0

We have standard SQL based DB that stores User’s activities. Since there are millions of activities are stored in DB, doing aggregation on the fly will be very expensive so we are thinking of pushing\replicating these activities into DynamoDB and use dynamo DB streams (events) + Lamda to provide real-time aggregation.

This should work if types of aggregation that need to be done are fixed from the beginning. In our case, we want to keep adding new aggregation in the future based on new uses cases. Although I am not sure how can I regenerated those event streams as it won’t be available after 24 hours!

Can anyone explain to me how can we add more aggregation on the go after the initial setup?

apdev
  • 115
  • 2
  • 10

1 Answers1

1

If you can take the system offline for an outage you could stop all writes, then perform a scan, calculate your aggregation, and then turn everything back on again with the streams which will be updating your aggregation.

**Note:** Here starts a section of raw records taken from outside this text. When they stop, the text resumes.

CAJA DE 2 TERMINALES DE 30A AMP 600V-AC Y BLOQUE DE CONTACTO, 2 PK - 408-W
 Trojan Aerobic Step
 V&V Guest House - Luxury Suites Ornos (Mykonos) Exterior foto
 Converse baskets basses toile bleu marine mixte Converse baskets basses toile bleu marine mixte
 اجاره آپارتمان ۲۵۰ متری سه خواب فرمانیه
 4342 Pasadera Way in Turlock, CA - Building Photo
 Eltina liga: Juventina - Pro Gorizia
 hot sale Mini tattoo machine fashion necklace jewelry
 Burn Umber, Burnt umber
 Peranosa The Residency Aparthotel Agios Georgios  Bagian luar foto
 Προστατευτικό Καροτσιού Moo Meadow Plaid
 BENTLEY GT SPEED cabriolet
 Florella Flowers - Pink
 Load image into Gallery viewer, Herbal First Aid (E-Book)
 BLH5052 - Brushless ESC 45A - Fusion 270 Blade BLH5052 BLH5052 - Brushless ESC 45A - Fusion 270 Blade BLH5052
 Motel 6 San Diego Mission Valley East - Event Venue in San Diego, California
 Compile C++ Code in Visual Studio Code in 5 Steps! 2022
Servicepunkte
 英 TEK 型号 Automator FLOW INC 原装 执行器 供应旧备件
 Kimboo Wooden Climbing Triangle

If you cannot take the table offline you probably will have to do something more fancy, such as cloning the table by taking a snapshot from when you enable your streams, and then calculate the value of the aggregation for your data up until the point at which you enabled streams.

Depending on the calculations you are performing this could be very cumbersome, but I don't think there is another way around it. I would also love their to be a native aggregation framework for DynamoDB.

Derrops
  • 7,651
  • 5
  • 30
  • 60